__PROVIDED RECORDS__.
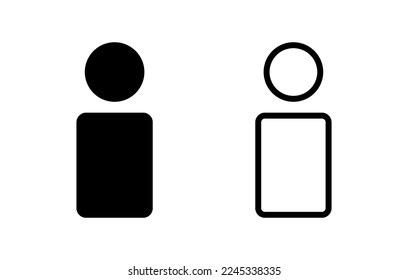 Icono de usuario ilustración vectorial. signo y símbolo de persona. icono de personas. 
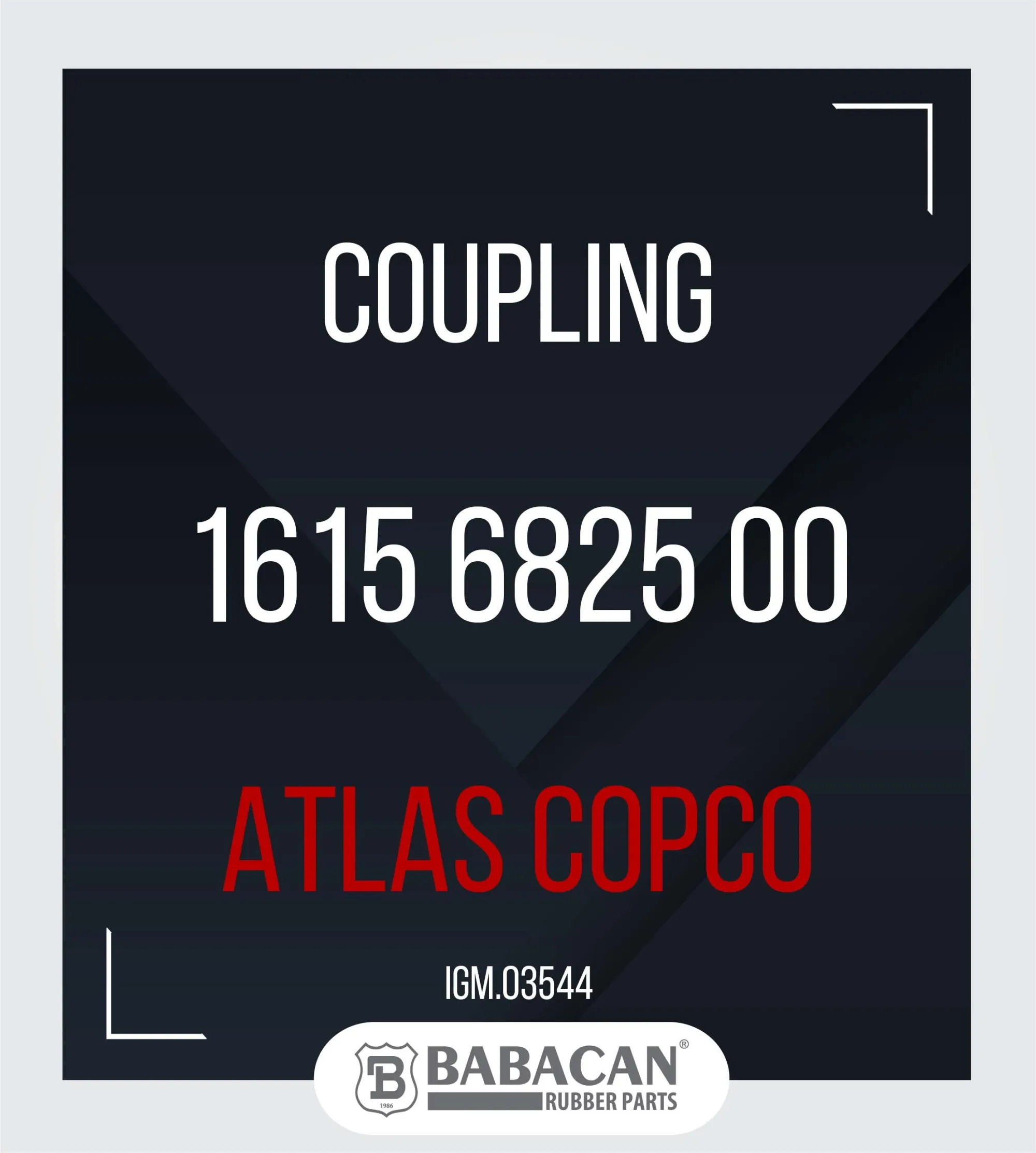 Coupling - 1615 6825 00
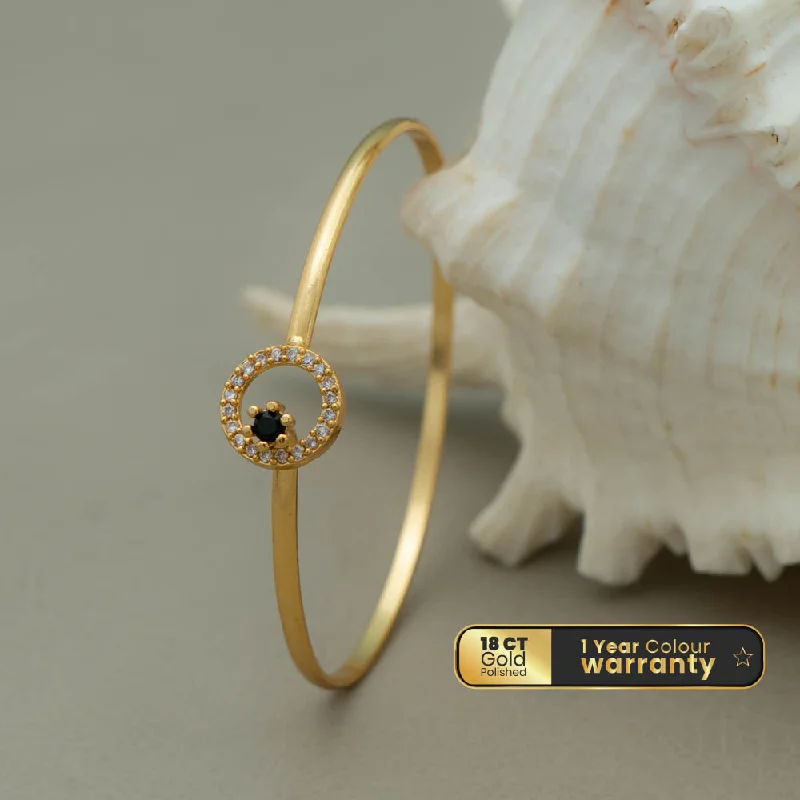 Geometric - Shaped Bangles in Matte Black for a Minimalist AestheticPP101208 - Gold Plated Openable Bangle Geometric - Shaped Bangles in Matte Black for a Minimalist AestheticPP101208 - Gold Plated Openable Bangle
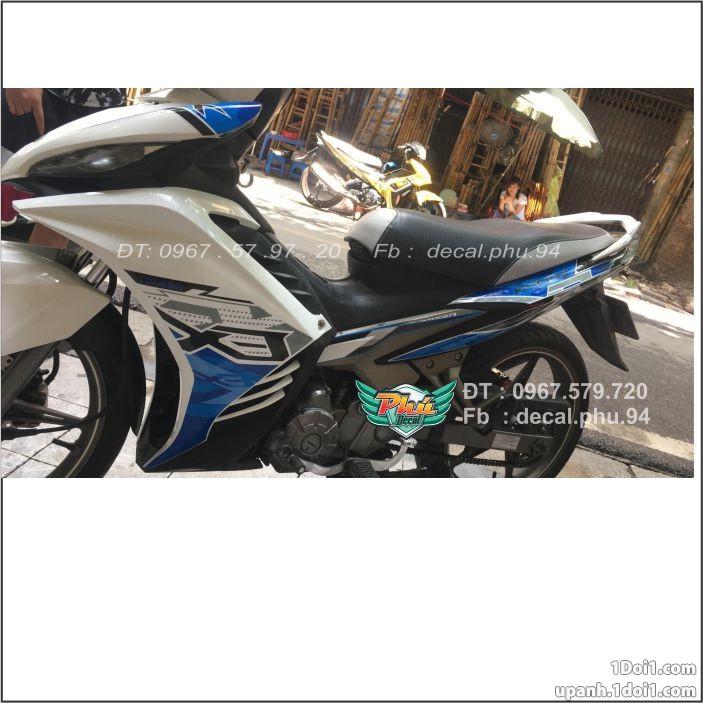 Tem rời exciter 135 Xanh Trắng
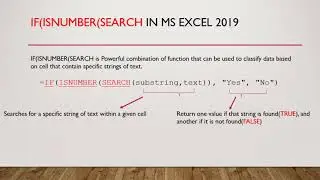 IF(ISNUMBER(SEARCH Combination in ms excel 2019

__WHAT IS NEEDED__. Exactly the lines from the one containing "Coupling - 1615 6825 00" to the end of the records above, both end lines included, are to be printed, and no pictures with them.

__SOLVED EXERCISE__.
 Coupling - 1615 6825 00
 Geometric - Shaped Bangles in Matte Black for a Minimalist AestheticPP101208 - Gold Plated Openable Bangle Geometric - Shaped Bangles in Matte Black for a Minimalist AestheticPP101208 - Gold Plated Openable Bangle
 Tem rời exciter 135 Xanh Trắng
 IF(ISNUMBER(SEARCH Combination in ms excel 2019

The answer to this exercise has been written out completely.